Chiarezza espositiva, massima comprensibilità del lessico utilizzato, sinteticità degli argomenti senza pregiudizio della loro completezza; insomma, la cura nella redazione dei provvedimenti, rappresenta il più utile ed efficiente strumento a disposizione del giudice per resistere all’imponente capacità distorsiva della rappresentazione mediatica dell’attività giudiziaria.

Per tutti coloro che esercitano un potere pubblico, quello della chiarezza espressiva è un dovere fondamentale, etico prima ancora che professionale. 

La certezza del diritto, per insegnamento condiviso, è uno dei princìpi fondanti della democrazia. Ma il presupposto della certezza è rappresentato dalla chiarezza: tanto la regola quanto il provvedimento autoritativo che la applica non sono certi, se non sono chiari e precisi. Inoltre, precisione e chiarezza rendono controllabile l’agire dei pubblici funzionari: i quali, non di rado, hanno tutto l’interesse a non farsi comprendere, poiché altrimenti il loro potere, od anche soltanto il modo in cui essi lo esercitano, potrebbero essere messi in discussione.

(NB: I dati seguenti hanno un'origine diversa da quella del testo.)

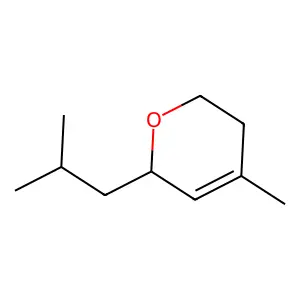 5,6-dihydro-4-methyl-2-(2-methylpropyl)-2H-pyran structure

Quando la Costituzione, infatti, all’art. 101, afferma che «la giustizia è amministrata in nome del popolo», ovviamente non intende far carico ai magistrati di raccogliere la volontà popolare né di uniformarsi ad un tanto vago quanto pericoloso Volksgeist; né, con evidenza ancora maggiore, con tale formula sottende la necessità di un mandato popolare. 

Il collegamento tra il giudice ed il popolo, che detta norma richiede, risiede tutto, allora, nella possibilità di controllo della decisione giudiziaria. Il giudice in tanto può spendere il nome del popolo nelle sue decisioni, in quanto il popolo sia in grado di verificarle e di riconoscerle come proprie, in un rapporto tra pari.

È evidente, però, che tutto questo non può avvenire, se quelle decisioni non siano comprensibili dal popolo: con l’effetto che, se non riescono a comunicare con quest’ultimo, i giudici perdono la loro legittimazione democratica. 

Il comma 1 dell’art. 192 c.p.p. obbliga espressamente il giudice a «dare conto», nella sua motivazione, dei risultati acquisiti e dei criteri adottati nella valutazione delle prove raccolte. Tale obbligo di rendiconto non può spiegarsi che con la necessità di garantire il controllo sociale dell’attività del giudice. Ed è proprio questa possibilità di controllo che rappresenta il necessario contrappeso, ma anche, ad un tempo, la garanzia dell’indipendenza e dell’autonomia della magistratura.

 

8. Completa il volume la Parte Settima, intitolata «Oltre la cronaca: la rappresentazione del processo penale nel cinema e nelle altre arti», che riserva uno spazio agli aspetti che vanno appunto «oltre la cronaca» e gli stretti confini del diritto, approfondendo il tema della rappresentazione del processo penale e dei suoi protagonisti (giudici, pubblici ministeri, avvocati ed imputati) nel cinema italiano del Novecento e, più in generale, nelle altre forme artistiche (letteratura e teatro, arti figurative, televisione).

Insomma, l’indagine curata da Nicola Triggiani si presenta come un’opera davvero originale, per impostazione, taglio e contenuti, destinata senza dubbio a porsi come punto di riferimento nell’acceso dibattito sulle complesse e delicate problematiche relative ai rapporti tra informazione e giustizia penale. 

Mentre sembrano già prospettarsi all’orizzonte nuove possibili modifiche normative, resta fondamentale, come nota il Curatore nelle battute finali della sua Introduzione, il richiamo alla deontologia e al senso di responsabilità degli operatori della giustizia e dell’informazione, ma soprattutto auspicabile «un’autentica “rivoluzione culturale”, capace di coinvolgere media, magistratura e società».